DIRECTIONS FOR THIS TASK ▸ What you write must match, character for character, the lines from the one with "Glycolic Acid Cream" down to the one with "Maniglia per porta" in the listing below, minus its pictures.

[Opening DATA PROVIDED section]

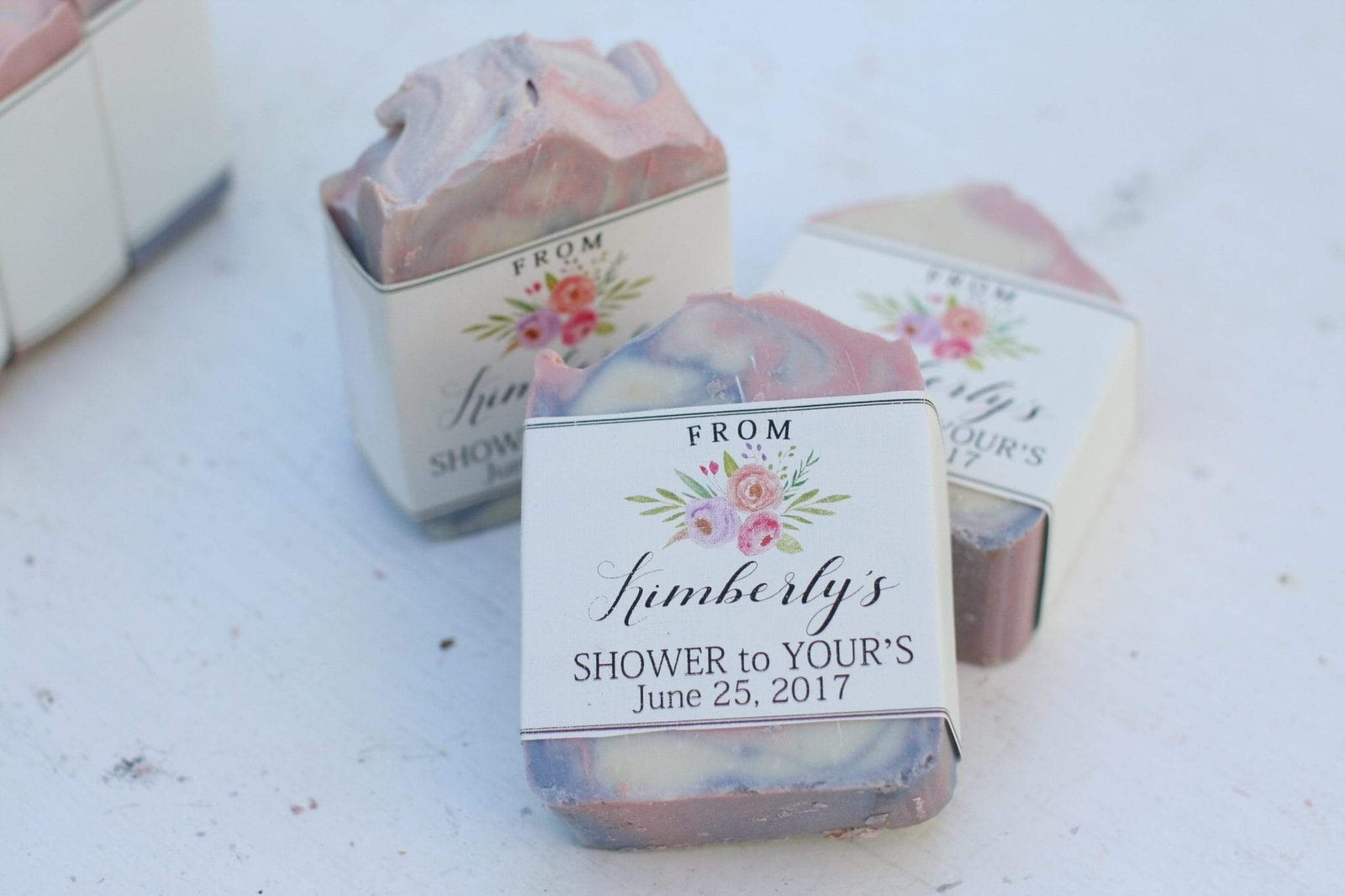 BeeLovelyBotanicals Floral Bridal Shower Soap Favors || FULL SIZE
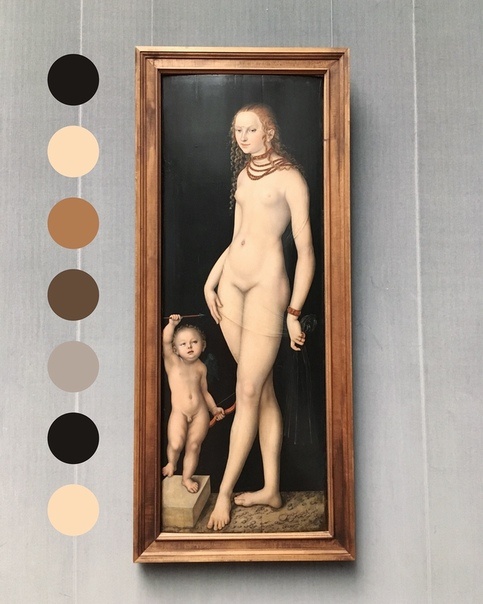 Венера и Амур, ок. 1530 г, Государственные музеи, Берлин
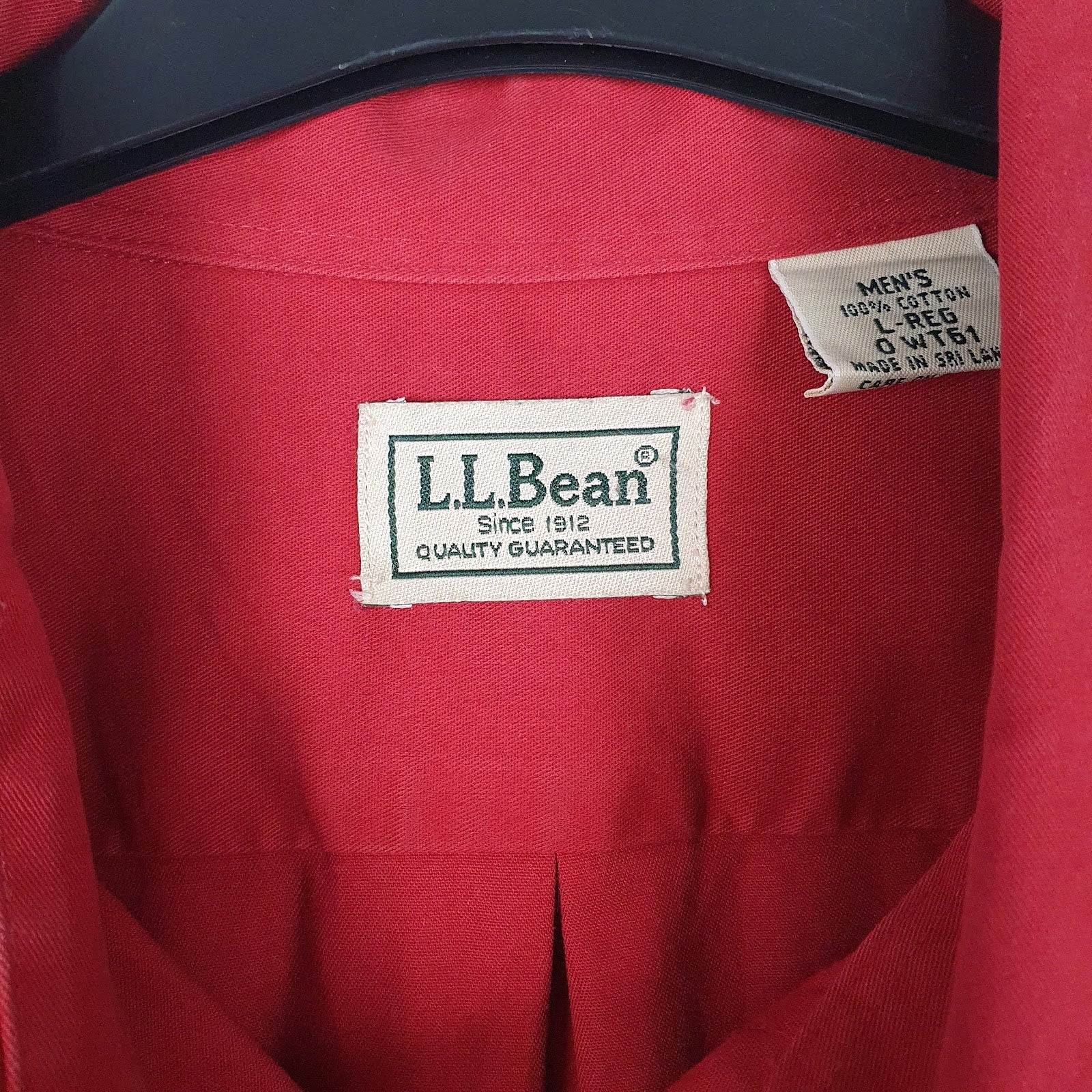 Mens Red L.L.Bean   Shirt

[Closing DATA PROVIDED section]
[Opening DATA PROVIDED section]

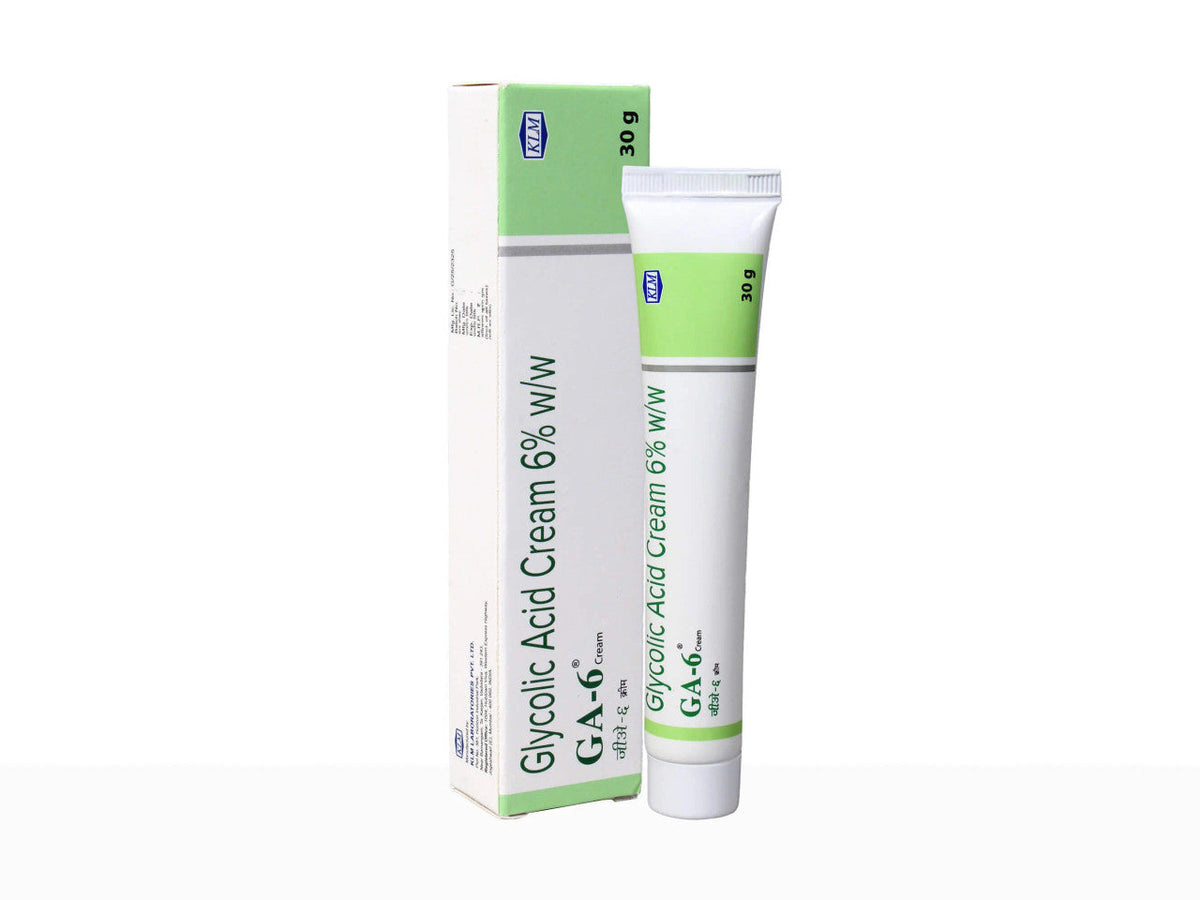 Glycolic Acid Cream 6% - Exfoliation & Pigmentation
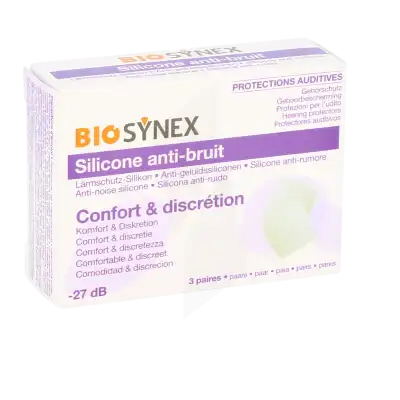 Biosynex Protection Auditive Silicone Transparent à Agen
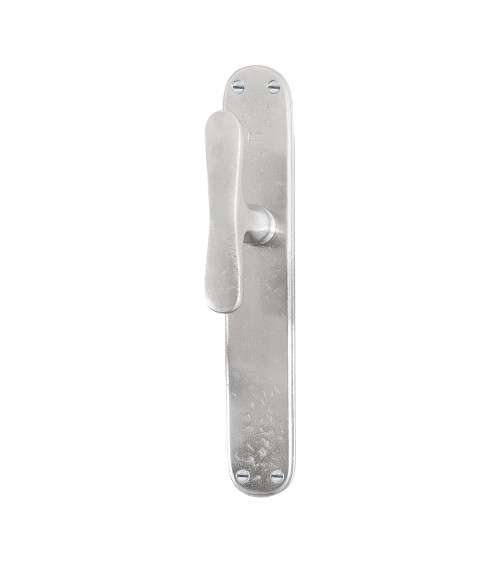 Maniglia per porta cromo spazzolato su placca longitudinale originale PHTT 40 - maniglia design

[Closing DATA PROVIDED section]
[Opening DATA PROVIDED section]

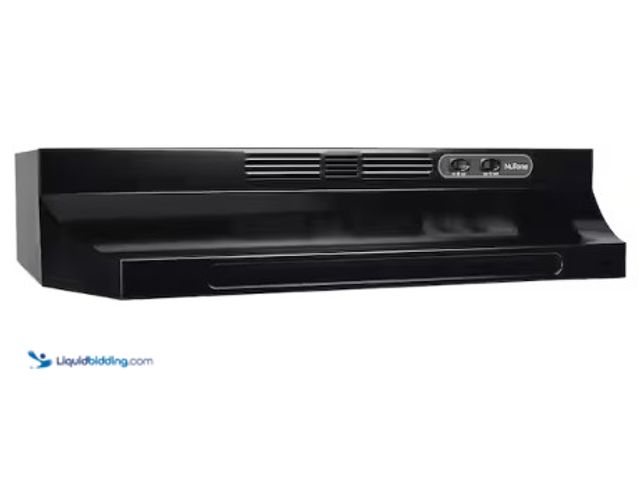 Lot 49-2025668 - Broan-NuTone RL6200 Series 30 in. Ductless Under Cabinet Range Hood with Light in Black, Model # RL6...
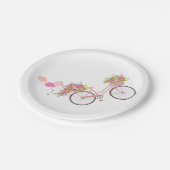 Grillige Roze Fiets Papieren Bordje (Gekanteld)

[Closing DATA PROVIDED section]

TASK ANSWER ▸
 Glycolic Acid Cream 6% - Exfoliation & Pigmentation
 Biosynex Protection Auditive Silicone Transparent à Agen
 Maniglia per porta cromo spazzolato su placca longitudinale originale PHTT 40 - maniglia design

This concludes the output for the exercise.